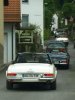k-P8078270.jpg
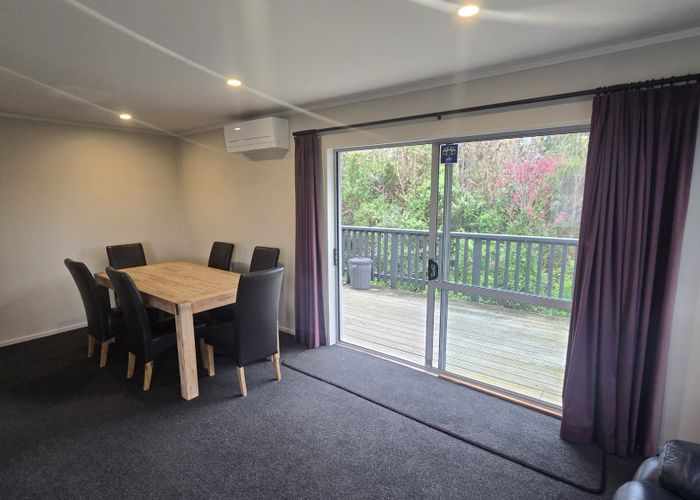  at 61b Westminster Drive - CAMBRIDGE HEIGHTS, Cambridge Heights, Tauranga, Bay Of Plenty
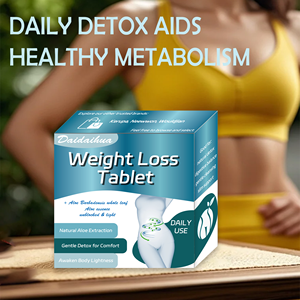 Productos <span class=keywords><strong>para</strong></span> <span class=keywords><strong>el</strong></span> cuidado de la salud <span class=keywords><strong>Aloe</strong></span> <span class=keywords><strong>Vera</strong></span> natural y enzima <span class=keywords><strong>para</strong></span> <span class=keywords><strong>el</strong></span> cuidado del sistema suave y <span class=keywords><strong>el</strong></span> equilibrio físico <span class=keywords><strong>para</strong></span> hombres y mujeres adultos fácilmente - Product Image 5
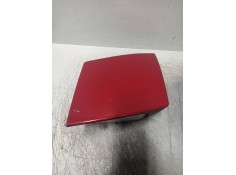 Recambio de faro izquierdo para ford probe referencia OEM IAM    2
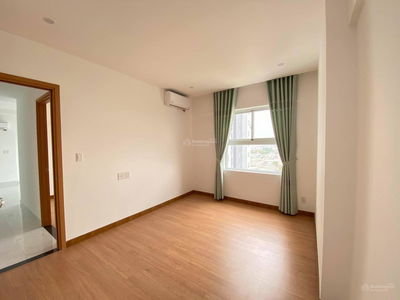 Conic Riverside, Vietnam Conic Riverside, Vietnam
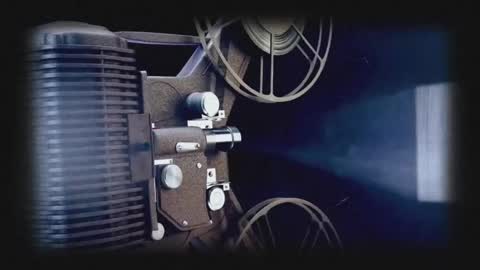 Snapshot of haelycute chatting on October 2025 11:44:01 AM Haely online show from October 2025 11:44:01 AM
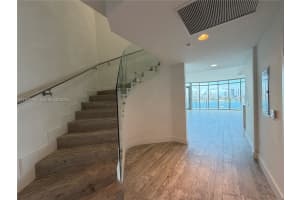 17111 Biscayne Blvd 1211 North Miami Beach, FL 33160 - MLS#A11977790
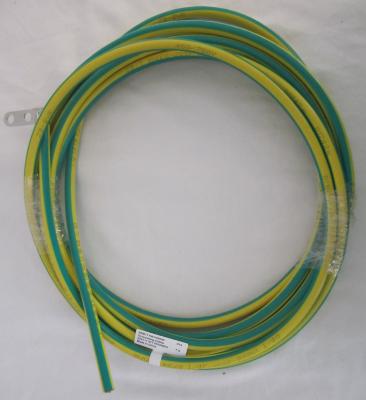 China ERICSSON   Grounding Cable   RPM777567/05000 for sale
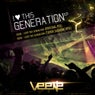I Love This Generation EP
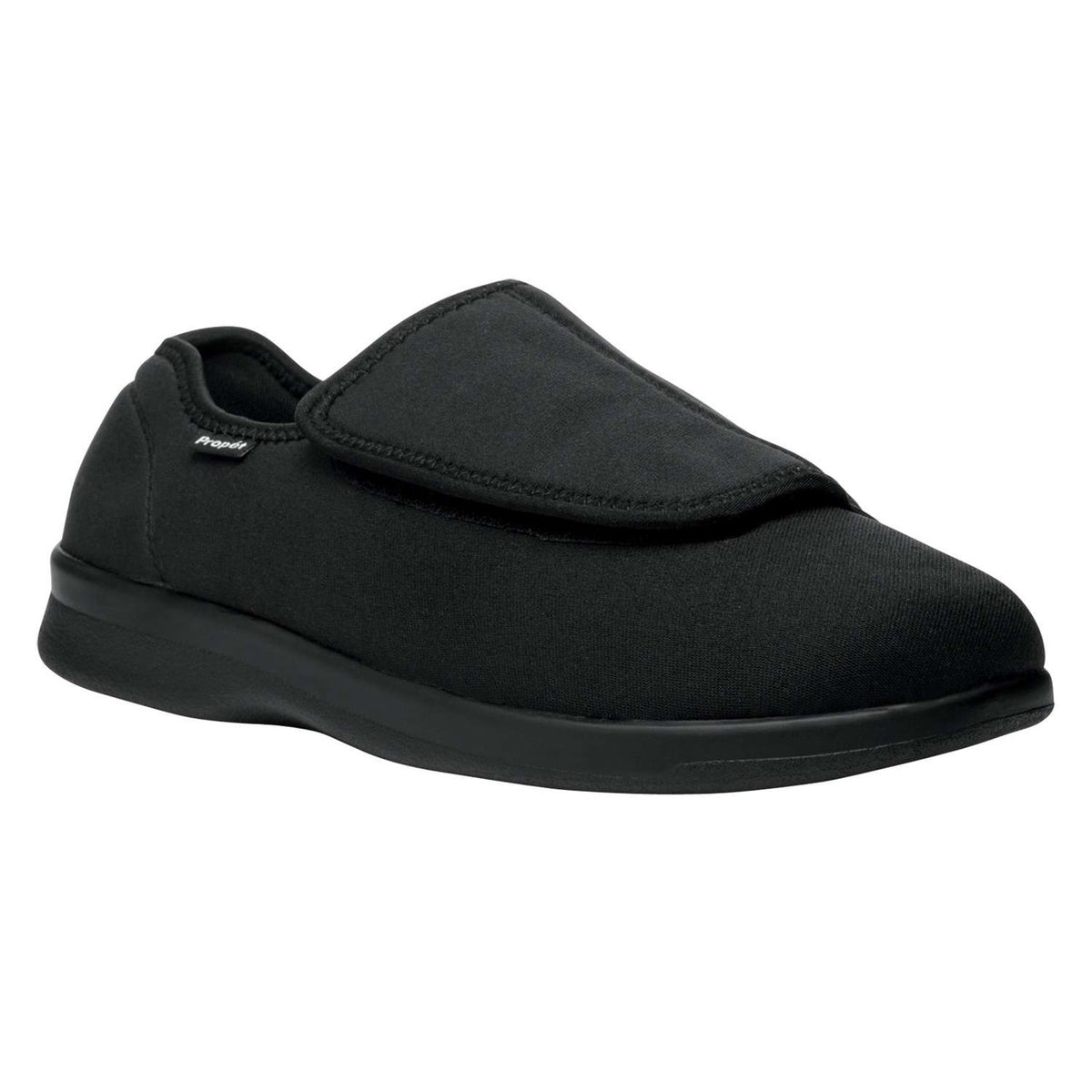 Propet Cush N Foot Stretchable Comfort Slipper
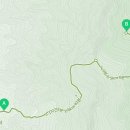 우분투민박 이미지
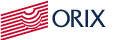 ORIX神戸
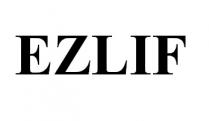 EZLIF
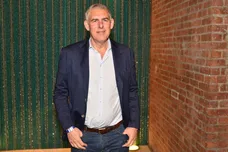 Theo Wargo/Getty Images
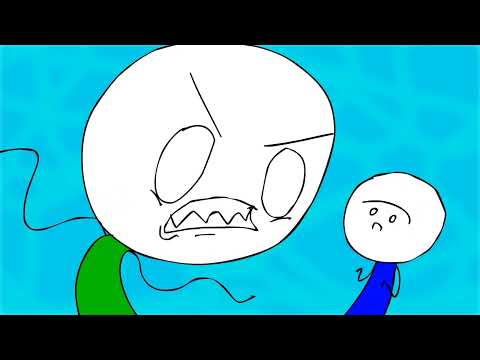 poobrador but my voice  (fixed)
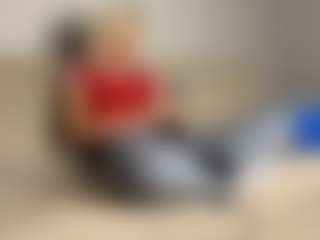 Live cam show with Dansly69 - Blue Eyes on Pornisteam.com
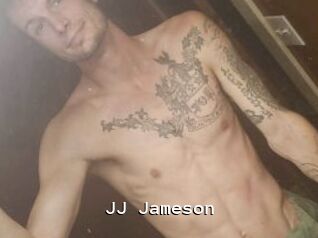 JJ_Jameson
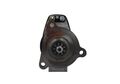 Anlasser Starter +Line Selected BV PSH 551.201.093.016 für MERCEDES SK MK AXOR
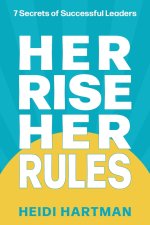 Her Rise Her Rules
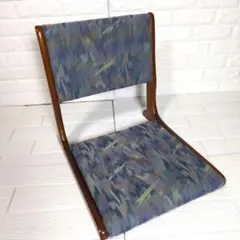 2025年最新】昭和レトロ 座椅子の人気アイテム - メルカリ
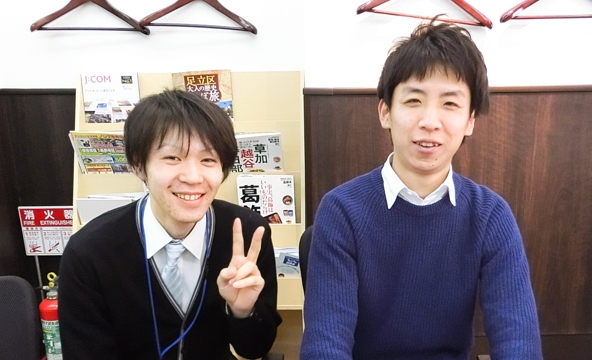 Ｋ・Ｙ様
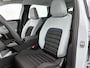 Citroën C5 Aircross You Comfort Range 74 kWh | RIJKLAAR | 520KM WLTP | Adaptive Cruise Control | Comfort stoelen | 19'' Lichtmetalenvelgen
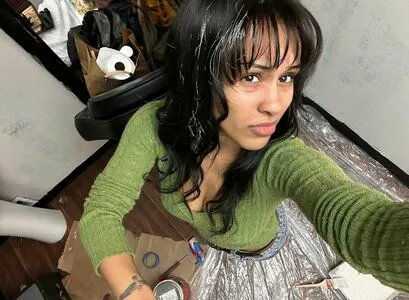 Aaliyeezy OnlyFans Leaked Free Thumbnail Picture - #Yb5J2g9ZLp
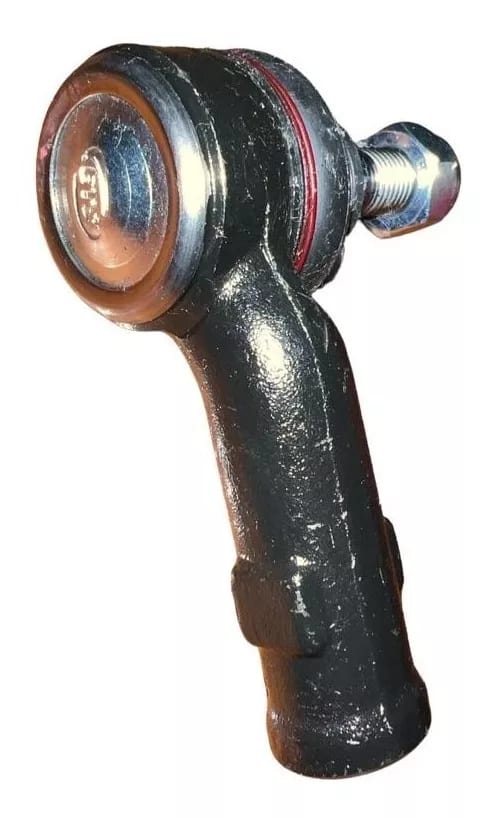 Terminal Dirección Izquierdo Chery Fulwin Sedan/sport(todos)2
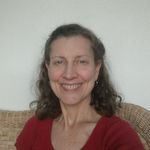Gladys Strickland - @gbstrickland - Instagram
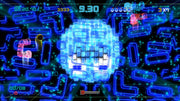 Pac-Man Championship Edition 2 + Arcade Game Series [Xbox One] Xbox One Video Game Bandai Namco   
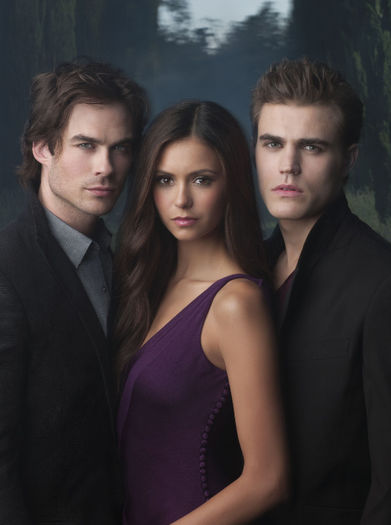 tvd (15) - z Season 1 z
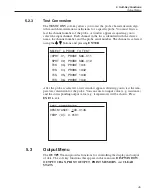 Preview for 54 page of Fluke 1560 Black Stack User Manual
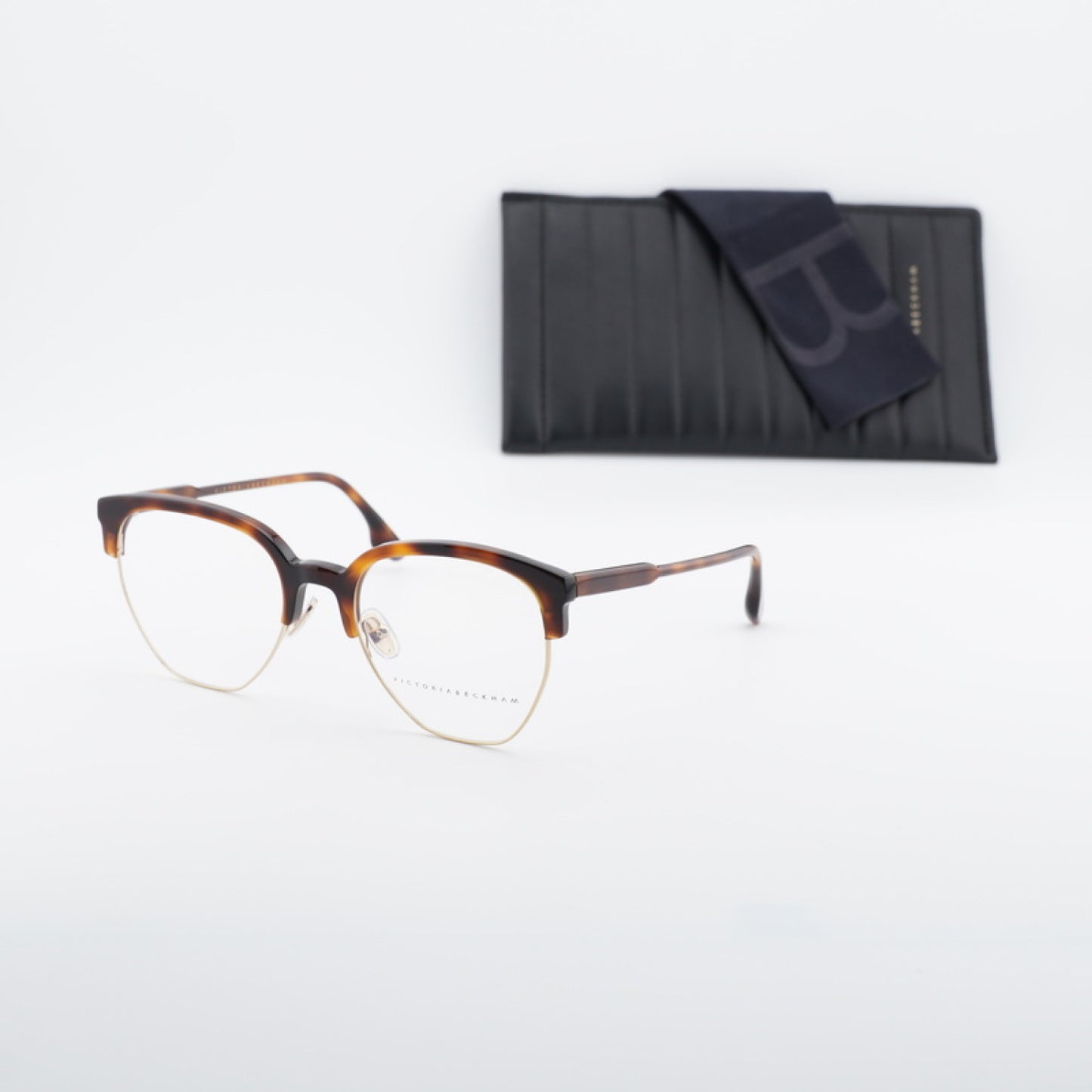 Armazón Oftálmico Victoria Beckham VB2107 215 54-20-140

_ _ _

▶ [Exercise objective] Transcribe all the data word for word; the images stay out.

▶ [Response for this exercise]
k-P8078270.jpg
  at 61b Westminster Drive - CAMBRIDGE HEIGHTS, Cambridge Heights, Tauranga, Bay Of Plenty
 Productos <span class=keywords><strong>para</strong></span> <span class=keywords><strong>el</strong></span> cuidado de la salud <span class=keywords><strong>Aloe</strong></span> <span class=keywords><strong>Vera</strong></span> natural y enzima <span class=keywords><strong>para</strong></span> <span class=keywords><strong>el</strong></span> cuidado del sistema suave y <span class=keywords><strong>el</strong></span> equilibrio físico <span class=keywords><strong>para</strong></span> hombres y mujeres adultos fácilmente - Product Image 5
 Recambio de faro izquierdo para ford probe referencia OEM IAM    2
 Conic Riverside, Vietnam Conic Riverside, Vietnam
 Snapshot of haelycute chatting on October 2025 11:44:01 AM Haely online show from October 2025 11:44:01 AM
 17111 Biscayne Blvd 1211 North Miami Beach, FL 33160 - MLS#A11977790
 China ERICSSON   Grounding Cable   RPM777567/05000 for sale
I Love This Generation EP
 Propet Cush N Foot Stretchable Comfort Slipper
 우분투민박 이미지
 ORIX神戸
 EZLIF
 Theo Wargo/Getty Images
 poobrador but my voice  (fixed)
 Live cam show with Dansly69 - Blue Eyes on Pornisteam.com
 JJ_Jameson
 Anlasser Starter +Line Selected BV PSH 551.201.093.016 für MERCEDES SK MK AXOR
 Her Rise Her Rules
 2025年最新】昭和レトロ 座椅子の人気アイテム - メルカリ
 Ｋ・Ｙ様
 Citroën C5 Aircross You Comfort Range 74 kWh | RIJKLAAR | 520KM WLTP | Adaptive Cruise Control | Comfort stoelen | 19'' Lichtmetalenvelgen
 Aaliyeezy OnlyFans Leaked Free Thumbnail Picture - #Yb5J2g9ZLp
 Terminal Dirección Izquierdo Chery Fulwin Sedan/sport(todos)2
Gladys Strickland - @gbstrickland - Instagram
 Pac-Man Championship Edition 2 + Arcade Game Series [Xbox One] Xbox One Video Game Bandai Namco   
 tvd (15) - z Season 1 z
 Preview for 54 page of Fluke 1560 Black Stack User Manual
 Armazón Oftálmico Victoria Beckham VB2107 215 54-20-140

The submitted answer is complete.